(Caption-style text data)

▼

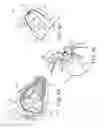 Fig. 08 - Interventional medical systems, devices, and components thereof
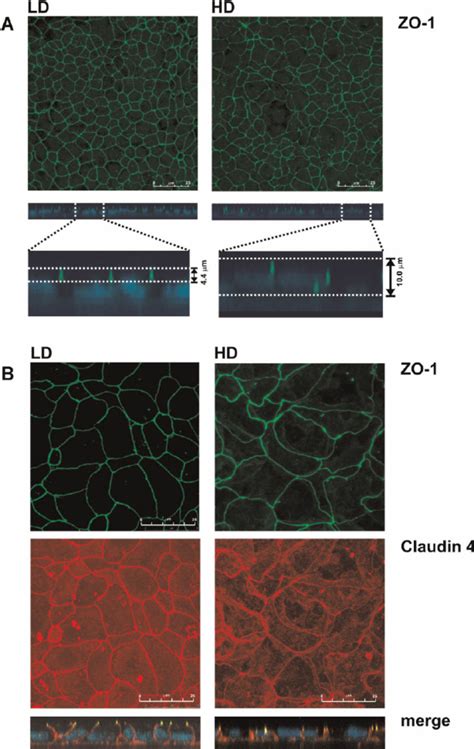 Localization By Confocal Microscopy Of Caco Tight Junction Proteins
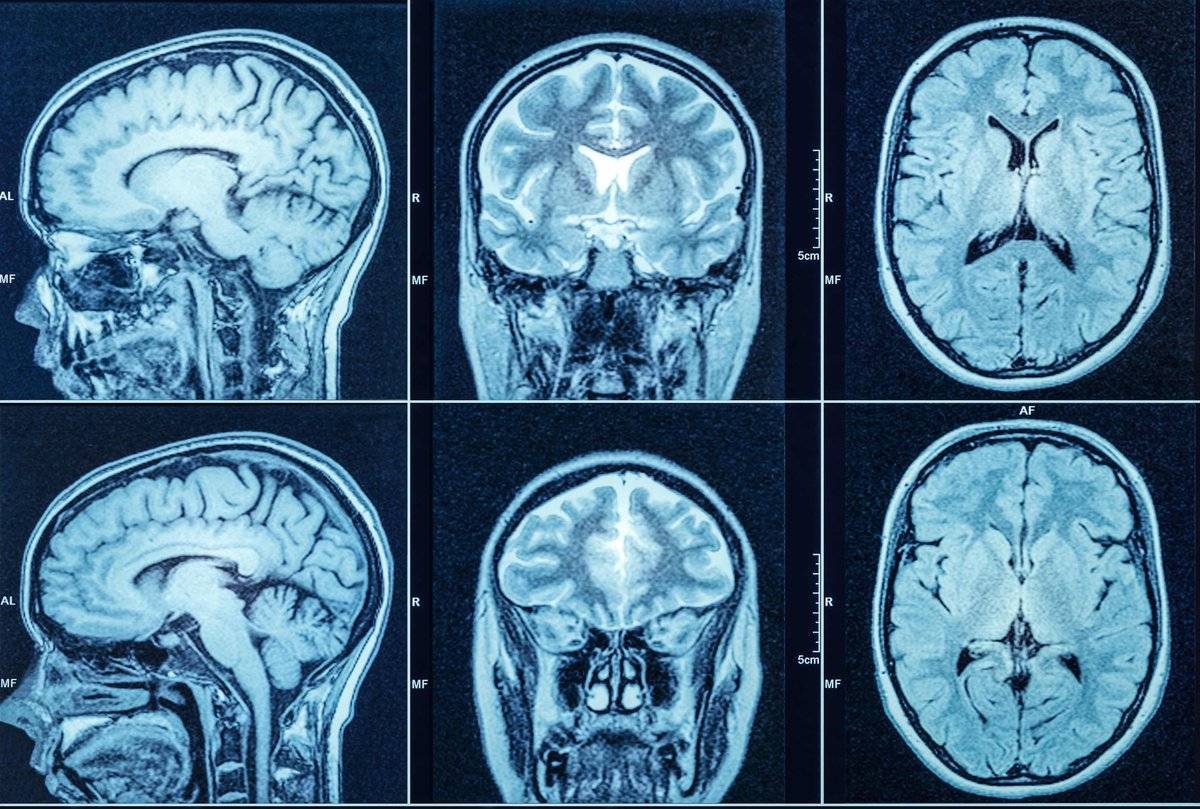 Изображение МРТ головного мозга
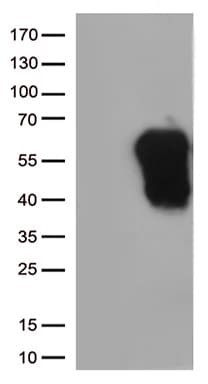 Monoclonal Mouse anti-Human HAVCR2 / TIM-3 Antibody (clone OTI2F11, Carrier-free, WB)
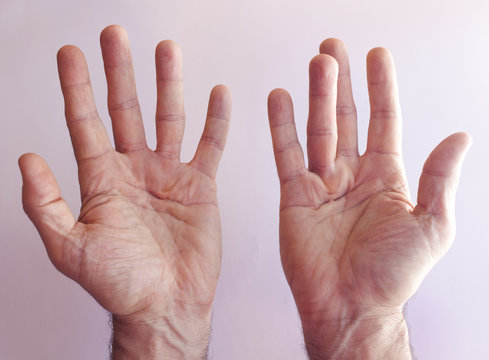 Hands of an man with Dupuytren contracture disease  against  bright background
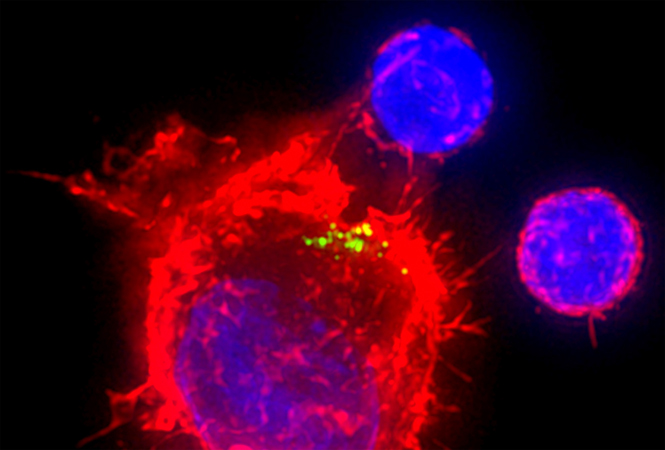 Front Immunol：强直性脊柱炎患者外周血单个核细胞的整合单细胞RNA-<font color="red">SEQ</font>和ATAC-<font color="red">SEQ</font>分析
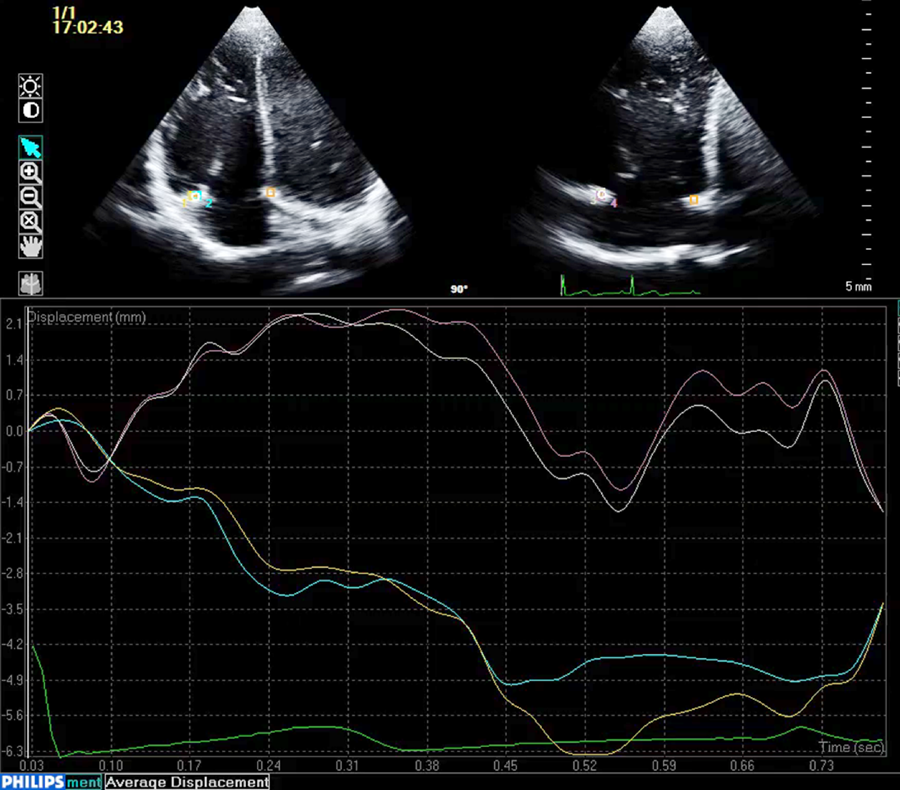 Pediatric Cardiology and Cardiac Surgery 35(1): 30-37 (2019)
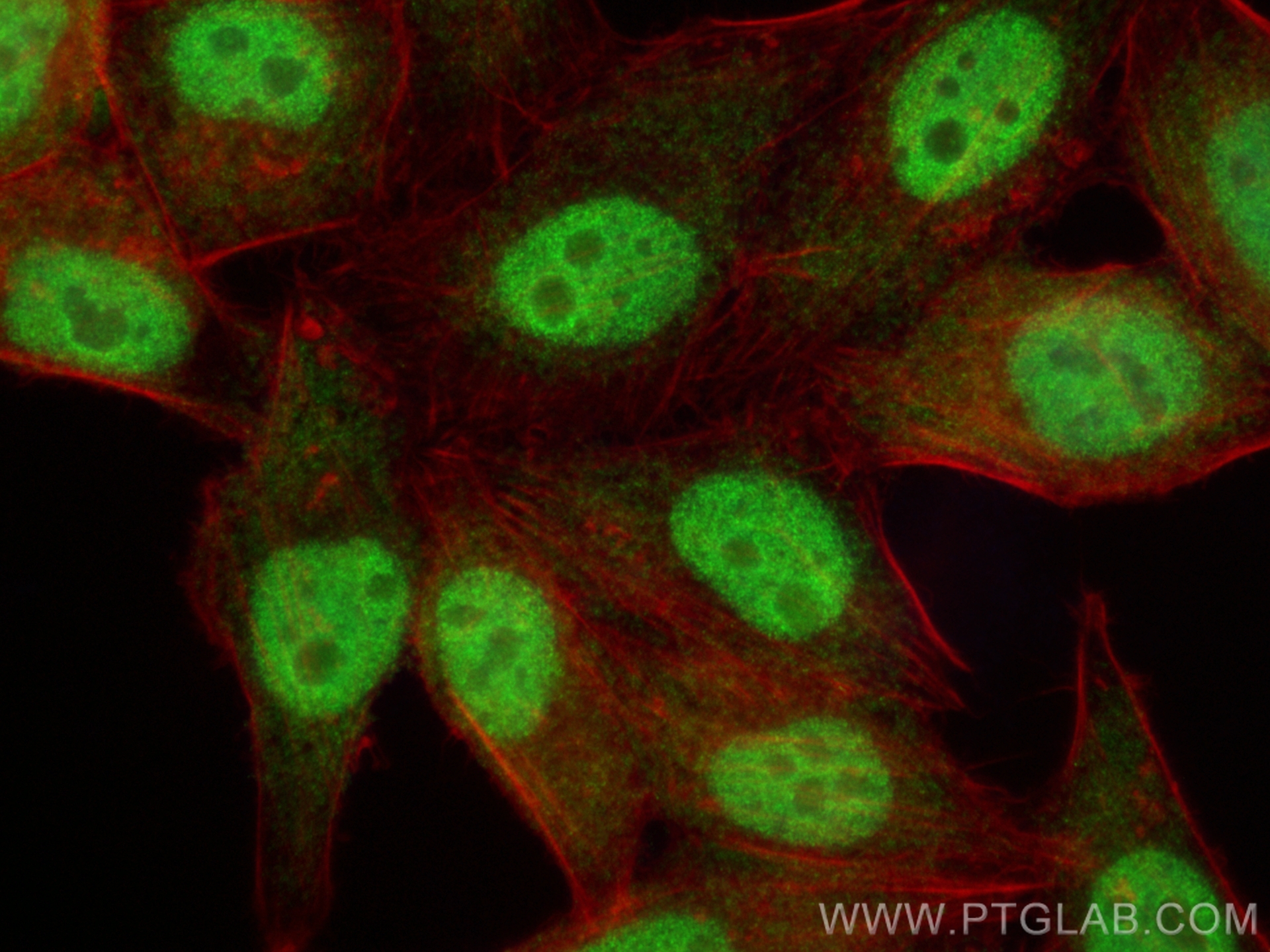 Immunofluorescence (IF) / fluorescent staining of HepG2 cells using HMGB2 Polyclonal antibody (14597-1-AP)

▲

> [AIM OF THE EXERCISE] Return the records verbatim, minus pictures.

> [EXPECTED OUTPUT]
 Fig. 08 - Interventional medical systems, devices, and components thereof
 Localization By Confocal Microscopy Of Caco Tight Junction Proteins
 Изображение МРТ головного мозга
 Monoclonal Mouse anti-Human HAVCR2 / TIM-3 Antibody (clone OTI2F11, Carrier-free, WB)
 Hands of an man with Dupuytren contracture disease  against  bright background
 Front Immunol：强直性脊柱炎患者外周血单个核细胞的整合单细胞RNA-<font color="red">SEQ</font>和ATAC-<font color="red">SEQ</font>分析
 Pediatric Cardiology and Cardiac Surgery 35(1): 30-37 (2019)
 Immunofluorescence (IF) / fluorescent staining of HepG2 cells using HMGB2 Polyclonal antibody (14597-1-AP)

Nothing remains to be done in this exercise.